Once the province of the rich, private counseling has become so commonplace that it now is increasingly being offered as a corporate benefit.
College Coach, a Boston-based educational consulting firm, has the contracts with Goldman Sachs and dozens of other corporations, including I.B.M, American International Group and the New York Stock Exchange, to guide their employees through the process. College Coach does counsel individual families, but the majority of its sales come from corporations, said Michael London, the company’s president. He contends that employer-sponsored college consulting fills an important niche in corporate benefits.
"When we looked at the work-life arena, we found that the majority of benefits were for childcare or elder care," Mr. London said. "But the greatest percent of the workforce are ages 35 to 50, and these are the people who are dealing with their child’s education. A stressful and time-consuming period."
His pitch to employers is that the college application process—the search for the right schools, the complexities of financial aid, the admissions deadlines, the essays and the anxiety—can be distracting to employees. The company Web site puts it plainly: "Where do you think your employees are finding the time to deal with all of these issues? In the workplace, on company time!"
Moreover, College Coach argues that providing college counseling supports diversity by providing the service to all workers, and not just to top executives and their children. Mr. London said that when he and a partner started the company in 1998, "the private college counseling world was an elitist service—if you’re a family that has a student that has aspirations to go to a very competitive college and you’re rich and you can pay $10,000, then you could get it."
With a third-party payer—a corporation. College Coach offers business clients onsite workshops in subjects like "Saving for College" and "Preparing College Applications," Web-based workshops, one-on-one counseling either onsite or on the phone and a help-desk, which can be reached by e-mail or telephone. The average corporate client pays about $100,000 a year for College Coach’s service—depending on the number of workshops offered and the number of employees participating—though contracts range from $15,000 to $500,000.

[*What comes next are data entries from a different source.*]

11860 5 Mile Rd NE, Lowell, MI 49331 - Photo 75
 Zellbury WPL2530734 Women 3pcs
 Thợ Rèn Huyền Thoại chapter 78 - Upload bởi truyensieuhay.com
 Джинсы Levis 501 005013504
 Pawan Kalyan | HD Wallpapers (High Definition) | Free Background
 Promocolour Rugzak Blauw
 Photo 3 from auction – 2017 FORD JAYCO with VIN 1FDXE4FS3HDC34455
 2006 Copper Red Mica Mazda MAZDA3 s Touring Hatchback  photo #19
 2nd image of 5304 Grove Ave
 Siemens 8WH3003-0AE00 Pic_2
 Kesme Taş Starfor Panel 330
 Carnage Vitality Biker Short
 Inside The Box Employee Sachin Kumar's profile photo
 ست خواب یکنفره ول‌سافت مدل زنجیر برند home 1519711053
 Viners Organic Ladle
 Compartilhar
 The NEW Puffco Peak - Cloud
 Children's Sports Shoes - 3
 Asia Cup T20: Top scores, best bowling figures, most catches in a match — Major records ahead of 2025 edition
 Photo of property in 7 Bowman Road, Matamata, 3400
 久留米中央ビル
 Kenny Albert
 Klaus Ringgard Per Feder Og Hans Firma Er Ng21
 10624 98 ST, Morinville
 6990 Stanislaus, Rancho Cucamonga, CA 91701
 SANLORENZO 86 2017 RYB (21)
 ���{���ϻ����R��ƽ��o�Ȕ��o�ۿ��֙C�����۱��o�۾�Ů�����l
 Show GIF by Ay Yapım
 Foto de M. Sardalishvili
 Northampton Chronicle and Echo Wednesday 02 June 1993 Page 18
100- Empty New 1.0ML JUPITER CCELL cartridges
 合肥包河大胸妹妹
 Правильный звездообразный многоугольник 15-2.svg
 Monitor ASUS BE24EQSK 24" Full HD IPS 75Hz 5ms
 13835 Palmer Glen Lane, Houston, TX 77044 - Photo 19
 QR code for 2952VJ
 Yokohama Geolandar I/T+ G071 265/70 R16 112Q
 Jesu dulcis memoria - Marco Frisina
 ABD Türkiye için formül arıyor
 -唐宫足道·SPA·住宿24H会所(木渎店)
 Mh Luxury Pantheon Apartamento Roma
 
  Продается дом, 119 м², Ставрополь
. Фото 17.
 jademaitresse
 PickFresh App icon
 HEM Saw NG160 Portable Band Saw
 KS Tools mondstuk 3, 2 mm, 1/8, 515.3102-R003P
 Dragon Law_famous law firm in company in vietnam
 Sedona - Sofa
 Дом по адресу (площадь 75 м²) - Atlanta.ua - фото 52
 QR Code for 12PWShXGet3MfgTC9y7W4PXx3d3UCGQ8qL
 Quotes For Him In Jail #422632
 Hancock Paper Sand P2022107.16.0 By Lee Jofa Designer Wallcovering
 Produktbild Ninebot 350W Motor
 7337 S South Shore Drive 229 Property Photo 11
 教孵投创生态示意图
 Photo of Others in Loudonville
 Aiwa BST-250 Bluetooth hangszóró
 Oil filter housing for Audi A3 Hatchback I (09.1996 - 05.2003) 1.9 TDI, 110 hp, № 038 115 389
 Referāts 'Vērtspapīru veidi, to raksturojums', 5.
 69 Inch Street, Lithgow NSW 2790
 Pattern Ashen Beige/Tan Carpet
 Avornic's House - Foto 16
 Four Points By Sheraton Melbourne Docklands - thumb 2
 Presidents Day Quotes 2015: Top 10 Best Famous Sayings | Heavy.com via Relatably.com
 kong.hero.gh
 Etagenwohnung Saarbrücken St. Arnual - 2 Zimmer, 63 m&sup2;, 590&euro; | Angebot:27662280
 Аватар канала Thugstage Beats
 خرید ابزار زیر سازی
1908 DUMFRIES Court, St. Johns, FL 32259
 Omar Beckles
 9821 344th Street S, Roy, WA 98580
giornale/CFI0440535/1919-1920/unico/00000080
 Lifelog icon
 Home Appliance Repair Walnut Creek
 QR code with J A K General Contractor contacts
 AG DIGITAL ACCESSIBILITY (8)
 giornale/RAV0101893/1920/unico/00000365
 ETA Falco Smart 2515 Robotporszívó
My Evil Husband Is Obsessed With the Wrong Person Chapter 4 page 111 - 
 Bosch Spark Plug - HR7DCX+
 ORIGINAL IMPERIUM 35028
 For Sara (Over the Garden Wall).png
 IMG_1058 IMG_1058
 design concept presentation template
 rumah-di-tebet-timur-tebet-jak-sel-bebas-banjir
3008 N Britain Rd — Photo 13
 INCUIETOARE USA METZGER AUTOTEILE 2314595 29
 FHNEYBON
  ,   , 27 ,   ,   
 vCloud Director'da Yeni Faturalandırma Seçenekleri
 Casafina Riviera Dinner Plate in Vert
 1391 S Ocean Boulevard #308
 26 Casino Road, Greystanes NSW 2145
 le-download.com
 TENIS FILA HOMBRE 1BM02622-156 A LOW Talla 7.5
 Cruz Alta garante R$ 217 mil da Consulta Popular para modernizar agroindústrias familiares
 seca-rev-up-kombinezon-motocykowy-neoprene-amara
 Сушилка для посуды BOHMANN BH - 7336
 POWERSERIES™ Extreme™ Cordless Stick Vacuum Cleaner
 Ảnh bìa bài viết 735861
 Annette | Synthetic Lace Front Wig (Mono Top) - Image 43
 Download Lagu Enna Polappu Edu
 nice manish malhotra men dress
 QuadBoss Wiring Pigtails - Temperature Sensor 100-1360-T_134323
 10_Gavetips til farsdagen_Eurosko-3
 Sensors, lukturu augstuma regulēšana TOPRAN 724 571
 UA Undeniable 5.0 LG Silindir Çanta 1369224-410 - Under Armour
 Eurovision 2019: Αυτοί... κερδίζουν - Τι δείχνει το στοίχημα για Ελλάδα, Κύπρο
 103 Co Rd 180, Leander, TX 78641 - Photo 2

The company does not offer test preparation, but several companies in that business also have their foot in the corporate door. Kaplan Test Prep and Admissions works with dozens of companies, said Justin Serrano, general manager at Kaplan. Typically, Kaplan will offer free seminars on the college-admissions process at a corporate client’s offices and sell employees test prep classes at a discount.
Princeton Review uses a similar approach. Andy Lutz, the vice president of program development, said that corporate sales were one of the fastest growing parts of Princeton Review’s business.